Asked what she hoped to achieve on her spaceflight, Ansari said, "I hope to inspire everyone, especially young people, women, and young girls all over the world, and in Middle Eastern countries that do not provide women with the same opportunities as men to not give up their dreams and to pursue them. It may seem impossible to them at times. But I believe they can realize their dreams if they keep it in their hearts, nurture it, and look for opportunities and make those opportunities happen." The day before her departure, she was interviewed on Iran national television for the astronomy show Night's Sky. The hosts wished her success and thanked her on behalf of Iranians. Ansari in return, thanked them.

Ansari lifted off on the Soyuz TMA-9 mission with commander Mikhail Tyurin (RSA) and flight engineer Michael Lopez-Alegria (NASA) at 04:59 (UTC) on Monday September 18, 2006 from Baikonur, Kazakhstan. Ansari became the fourth (and first female) space tourist. Her contract did not allow for disclosure of the amount paid, but previous space tourists have paid in excess of $20 million USD. The space craft docked with the International Space Station (ISS) on Wednesday September 20, 2006, at 05:21 (UTC). Ansari landed safely aboard Soyuz TMA-8 on September 29, 2006 at 01:13 UTC on the steppes of Kazakhstan (90 kilometers north of Arkalyk) with U.S. astronaut Jeffrey Williams and Russian cosmonaut Pavel Vinogradov.
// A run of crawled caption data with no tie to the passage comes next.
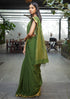 Handwoven Emerald Bengal Cotton Saree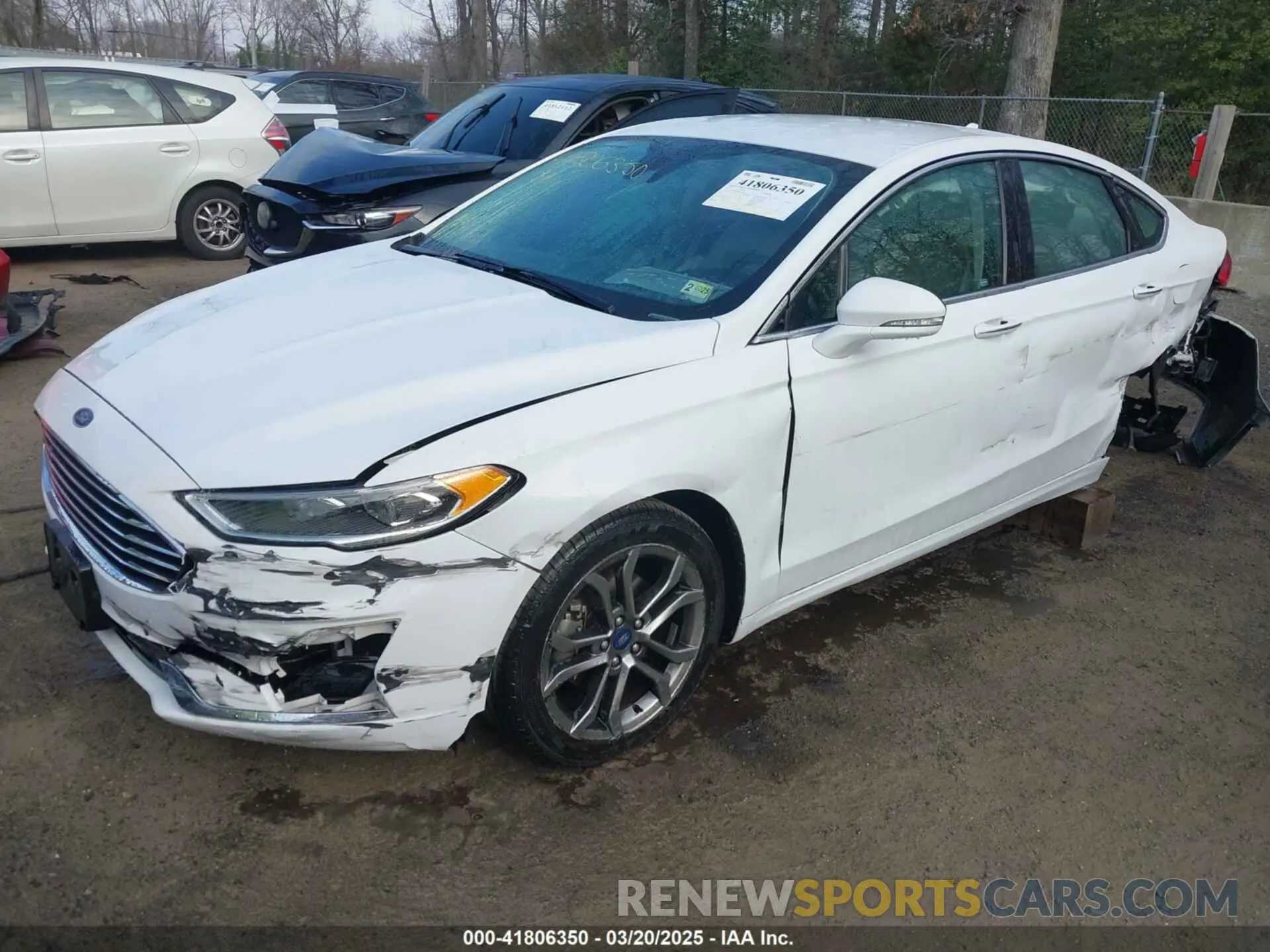 2 fotografías del automóvil dañado 3FA6P0CD5KR224619 FORD FUSION 2019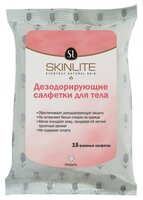 Дезодорирующие салфетки Skinlite для тела 15 шт.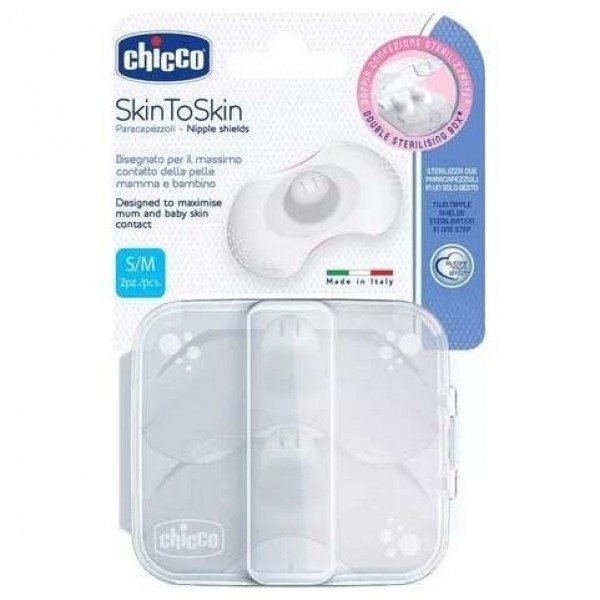 Chicco Protegepezón Silicona Skintoskin T-S-/M 2Uds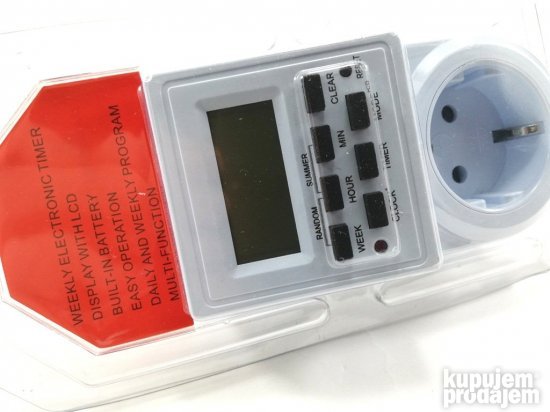 Digitalni tajmer za utičnicu do 3500W sa LCD displejom – slika 13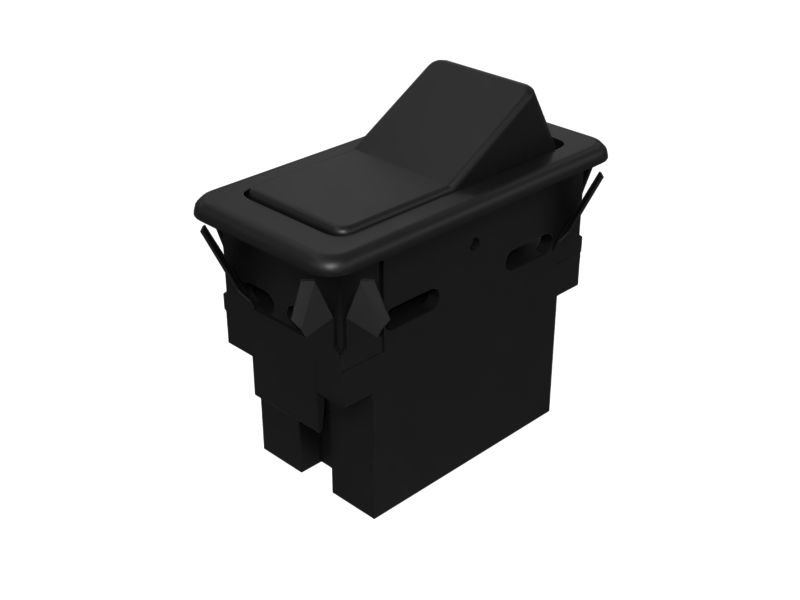 Кулисный переключатель с подсветкой, 24 В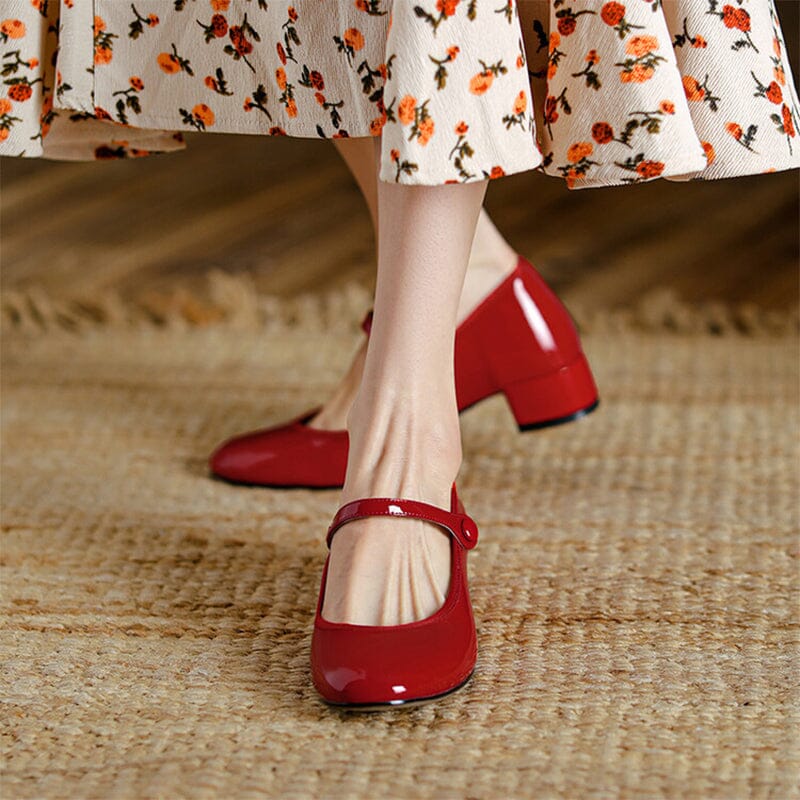 Solenza™| Livy Leather Mary Janes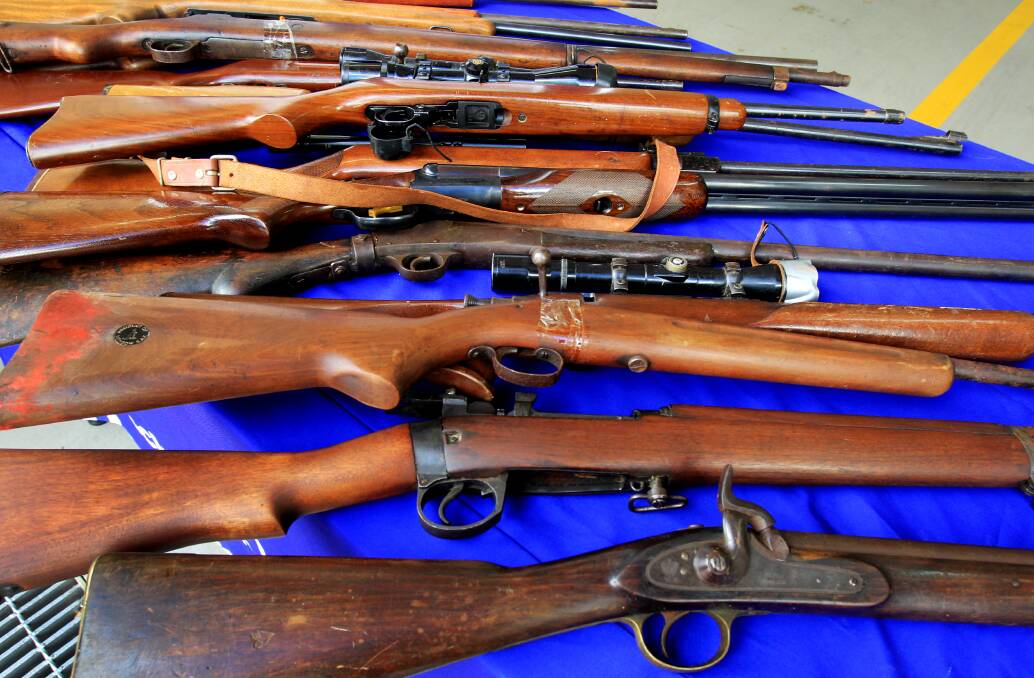 AMNESTY: File picture of guns that have been handed in.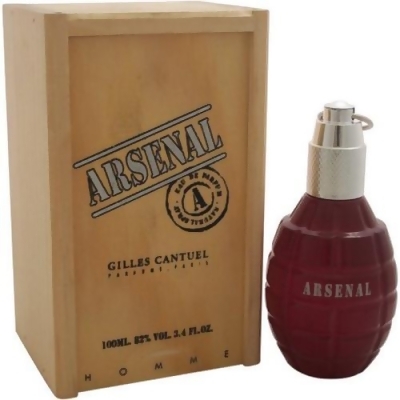 Arsenal Red by Gilles Cantuel for Men Eau de Parfum Spray 3.4 oz 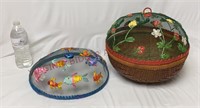 Vintage Basket & Mesh Food Covers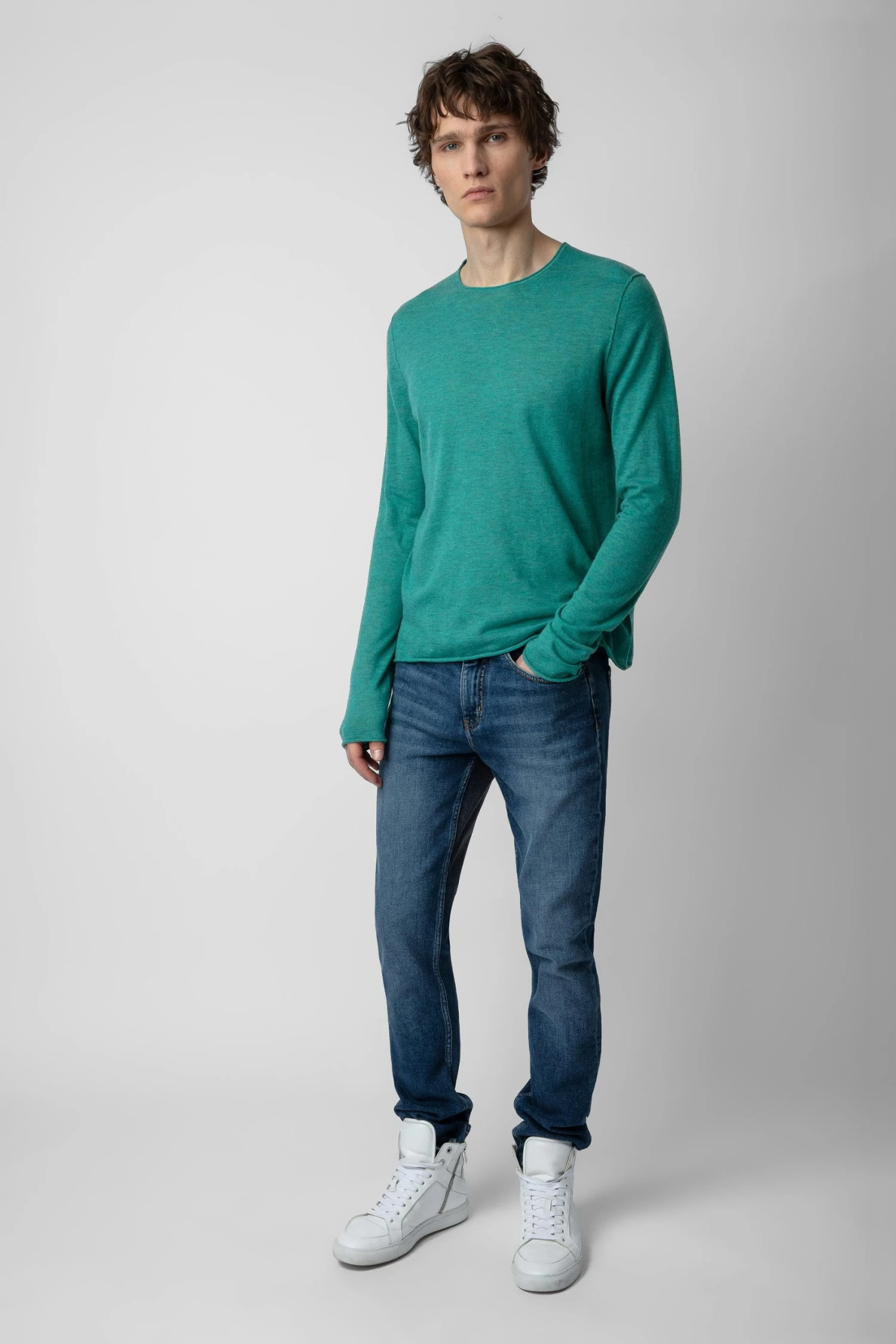 Zadig & Voltaire Teiss Cashmere Sweater Aqua 3 Zadig & Voltaire Teiss Cashmere Sweater Aqua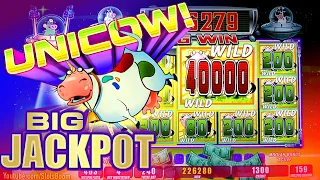 BIG JACKPOT!!! LIVE UNICOW!!! 590+ FREE GAMES - Invaders Attack From the Planet Moolah CASINO SLOTS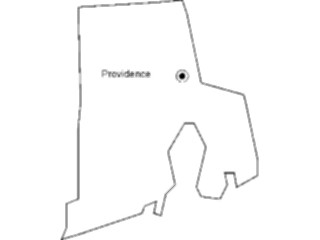 Sticker Custom Preview Image #087793 Maps U S A States Rhode Island12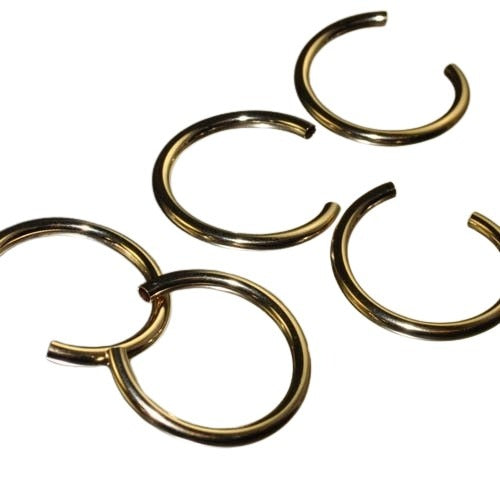 Hollow Ring Tube - Size 7 - Gold-filled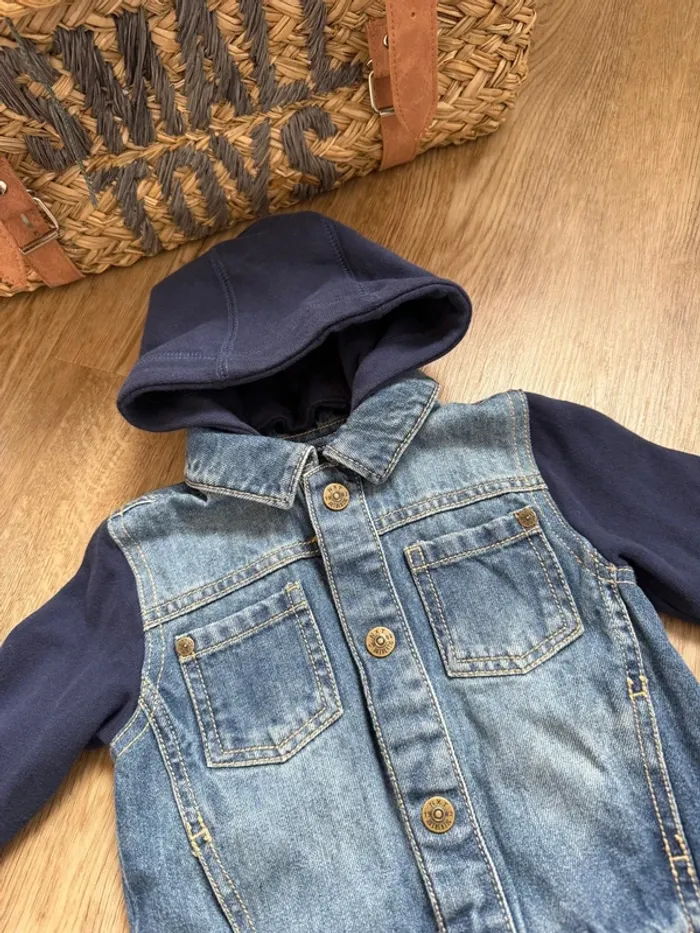 Veste en jeans Next bébé garçon  6-9 mois comme neuve - photo numéro 3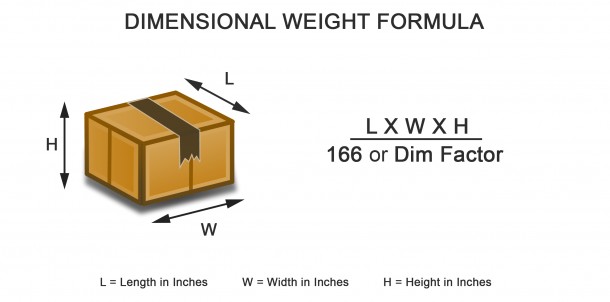 Fedex deals dimensional weight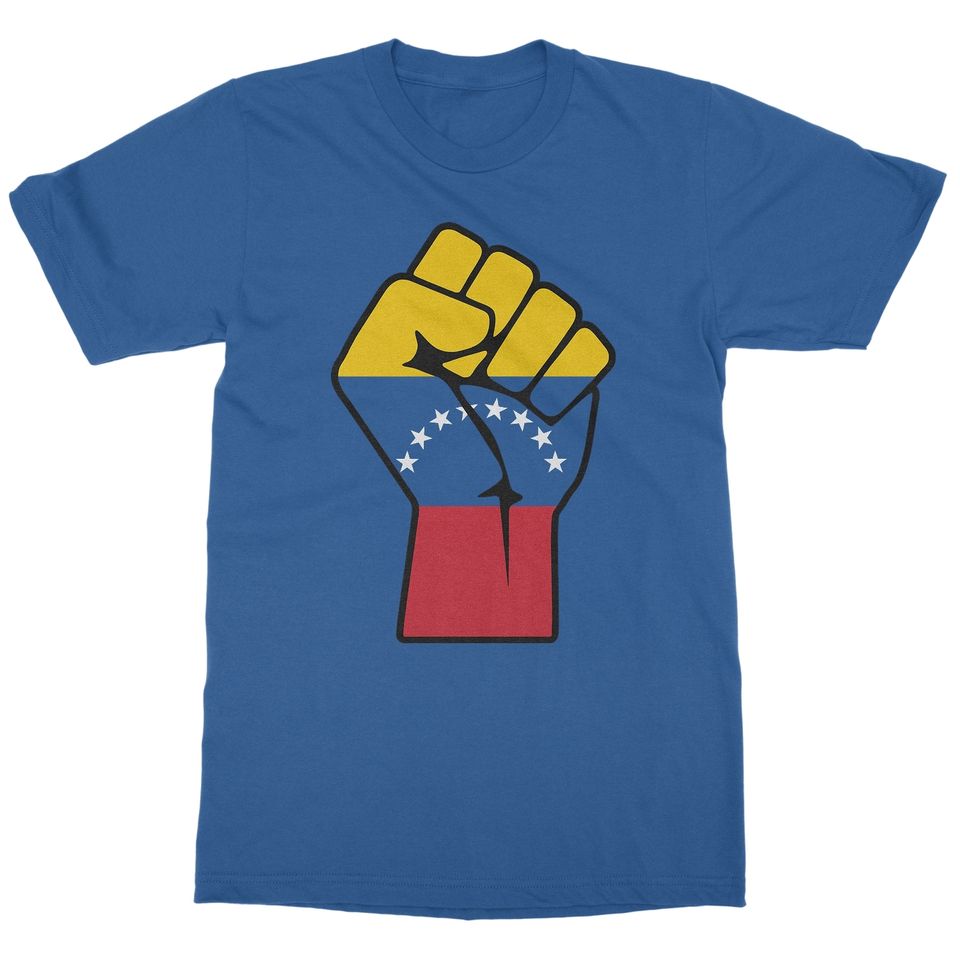 Venezuela Fist Resist - Venezuelan Flag Support Unisex T-Shirt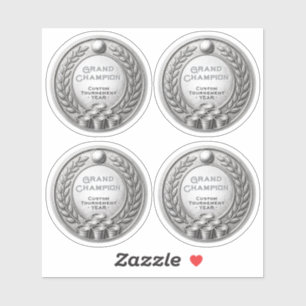 Sticker Championnat de Beer Pong avec médaille d'argent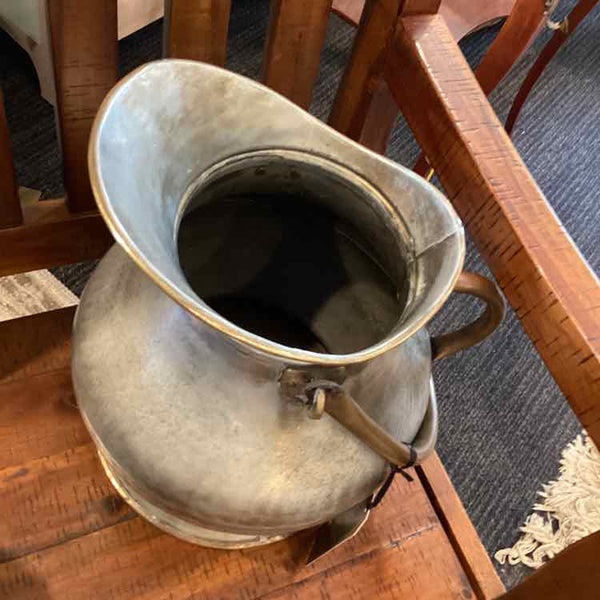 Large Metal & Brass Large Pitcher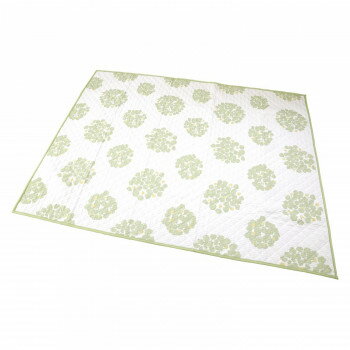 大島屋 サッカーキルトラグ ルナ グリーン 185x240cm【メーカー直送：代金引換不可：同梱不可】【北海道・沖縄・離島は配達不可】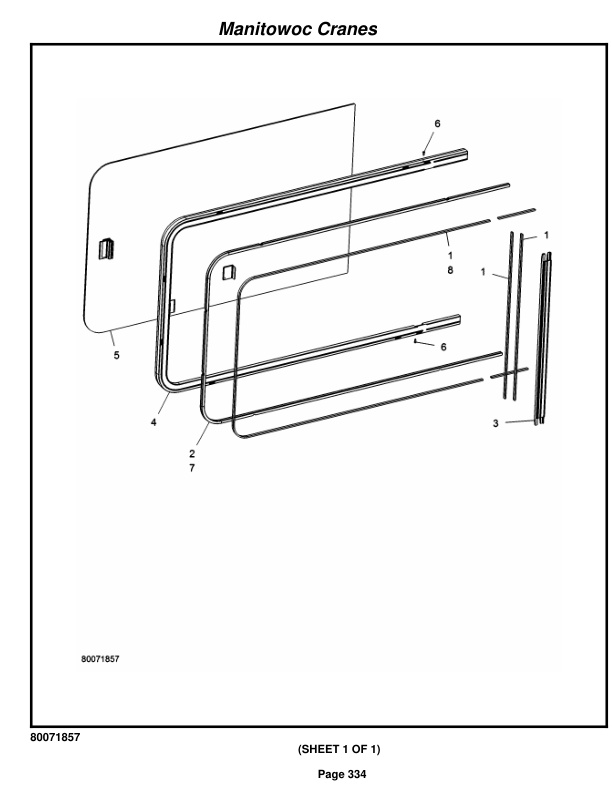 Grove RT890E Crane Parts Manual 235426 2015-2
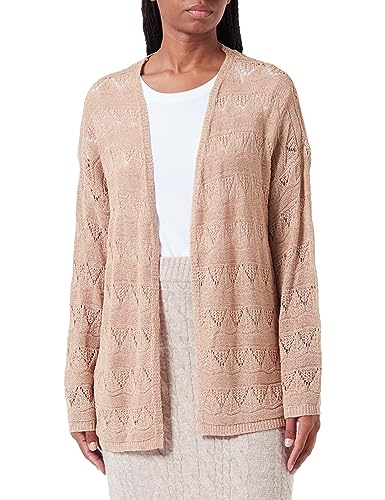 Sidona Women's Cardigan Pullover Sweater, Taupe, XL/XXL von Sidona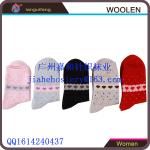 China Socks Factory Supply Winter Thick Terry Inside Woolen Ladies Socks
She was given red roses from an unidentified official, and a surprise kiss from her husband, Hamid. Rescuers moved them to Kustanai for welcome ceremony with helicopters.
In 2010, Anousheh Ansari's memoir, My Dream of Stars, co-written with Homer Hickam, was published by Palgrave Macmillan.
Honors and awards
Ansari has received multiple honors, including the George Mason University Entrepreneurial Excellence Award, the George Washington University Distinguished Alumni Achievement Award, the Ernst & Young Entrepreneur of the Year Award for the Southwest Region, and the Horatio Alger Award. While under her leadership, Telecom Technologies, Inc. earned recognition as one of Inc. magazine's 500 fastest-growing companies and one of Deloitte & Touche’s Fast 500 technology companies. She was listed in Fortune magazine's "40 under 40" list in 2001 and honored by Working Woman magazine as the winner of the 2000 National Entrepreneurial Excellence award. In 2009 she was received the first Symons Innovator Award given annually by NCWIT to honor successful women entrepreneurs in technology.
The Ansari family was recently honored with an Orbit Award by the National Space Society and Space Tourism Society for underwriting the Ansari X PRIZE.
Anousheh Ansari participated as a speaker at the 2010 Honeywell Leadership Academy at Space Camp in Huntsville Alabama with Homer Hickam.
In 2010, she was awarded the Ellis Island Medal of Honor in recognition of her humanitarian efforts.